Materials provided START

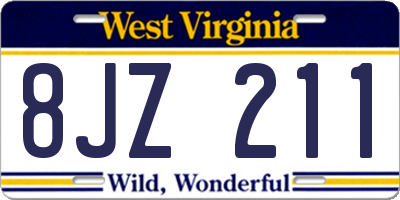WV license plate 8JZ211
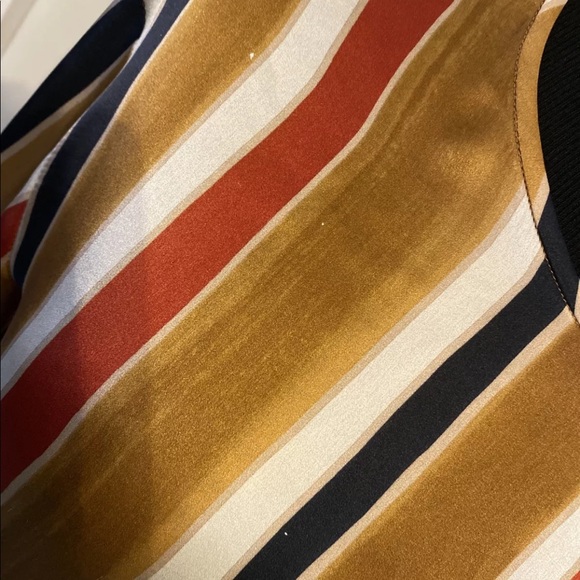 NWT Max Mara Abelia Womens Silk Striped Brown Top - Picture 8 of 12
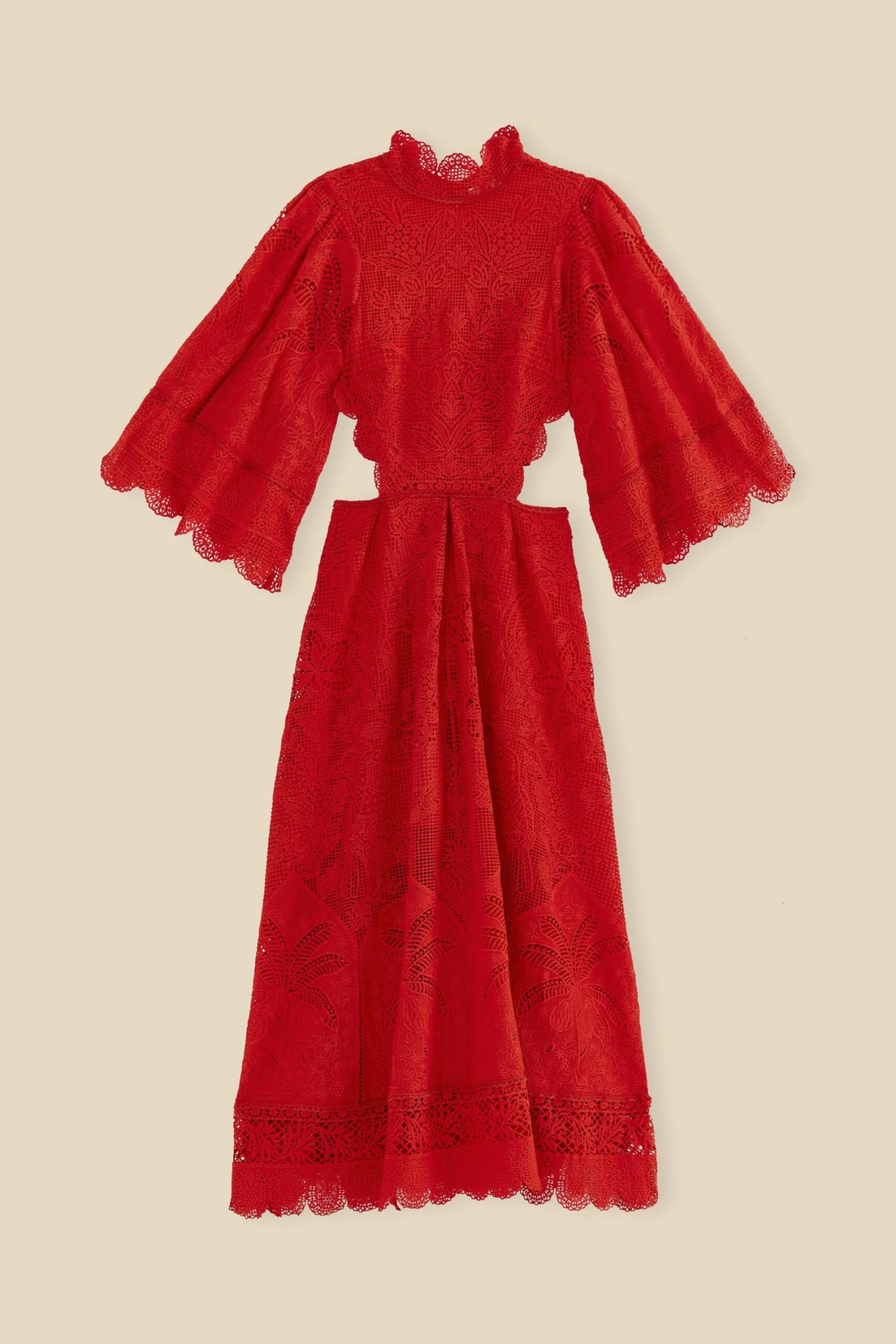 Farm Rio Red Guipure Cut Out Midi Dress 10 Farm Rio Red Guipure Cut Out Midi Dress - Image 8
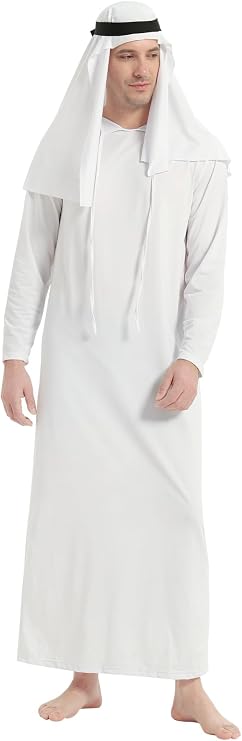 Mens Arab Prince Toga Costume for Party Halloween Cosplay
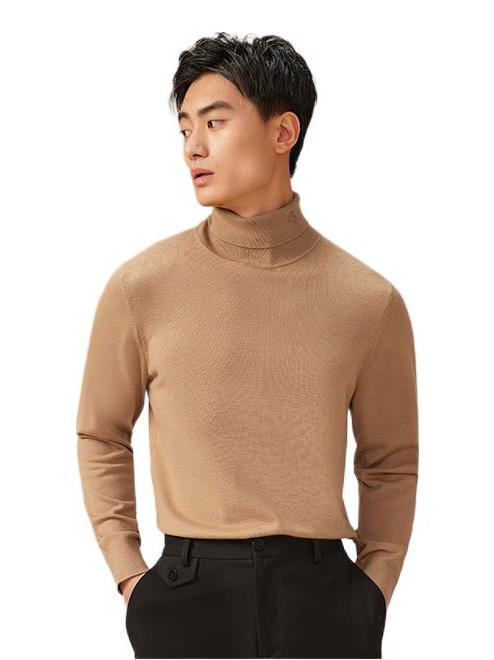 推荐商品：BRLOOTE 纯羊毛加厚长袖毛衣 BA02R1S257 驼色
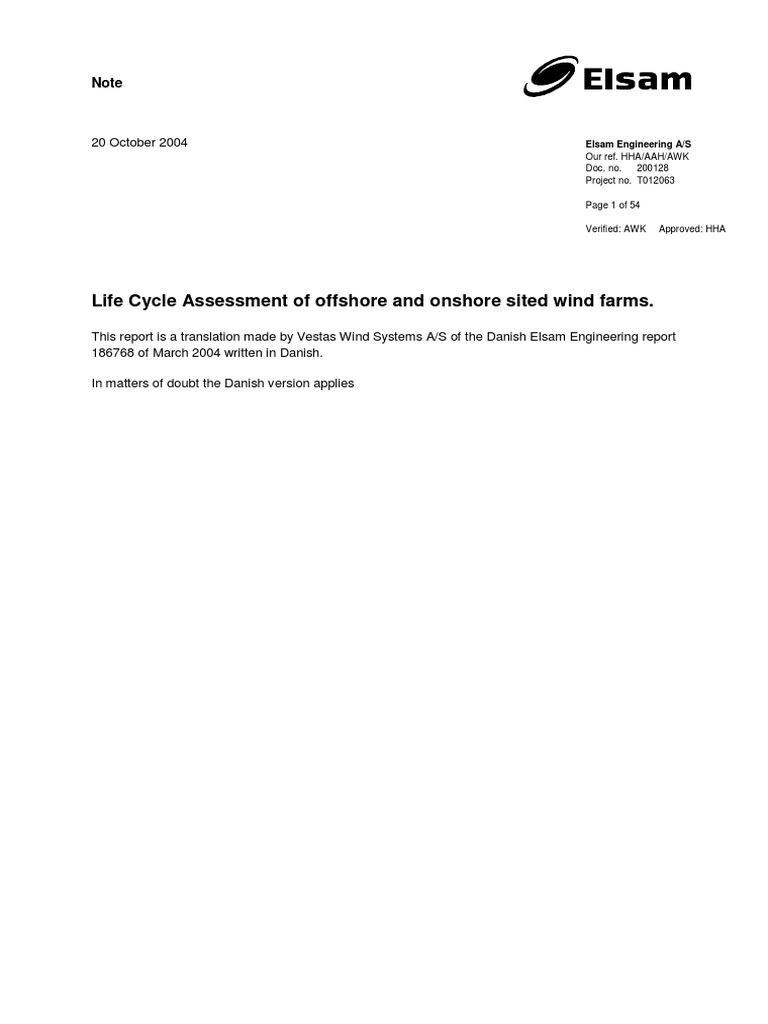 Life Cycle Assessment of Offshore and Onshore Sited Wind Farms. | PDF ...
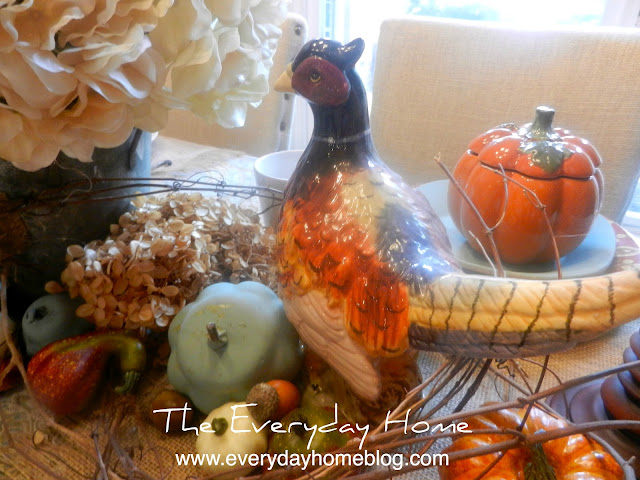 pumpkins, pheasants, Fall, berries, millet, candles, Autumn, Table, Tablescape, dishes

Materials provided END

## What to produce
Drop the pictures and copy the data exactly.

## Finished task
WV license plate 8JZ211
 NWT Max Mara Abelia Womens Silk Striped Brown Top - Picture 8 of 12
 Farm Rio Red Guipure Cut Out Midi Dress 10 Farm Rio Red Guipure Cut Out Midi Dress - Image 8
 Mens Arab Prince Toga Costume for Party Halloween Cosplay
 推荐商品：BRLOOTE 纯羊毛加厚长袖毛衣 BA02R1S257 驼色
 Life Cycle Assessment of Offshore and Onshore Sited Wind Farms. | PDF ...
 pumpkins, pheasants, Fall, berries, millet, candles, Autumn, Table, Tablescape, dishes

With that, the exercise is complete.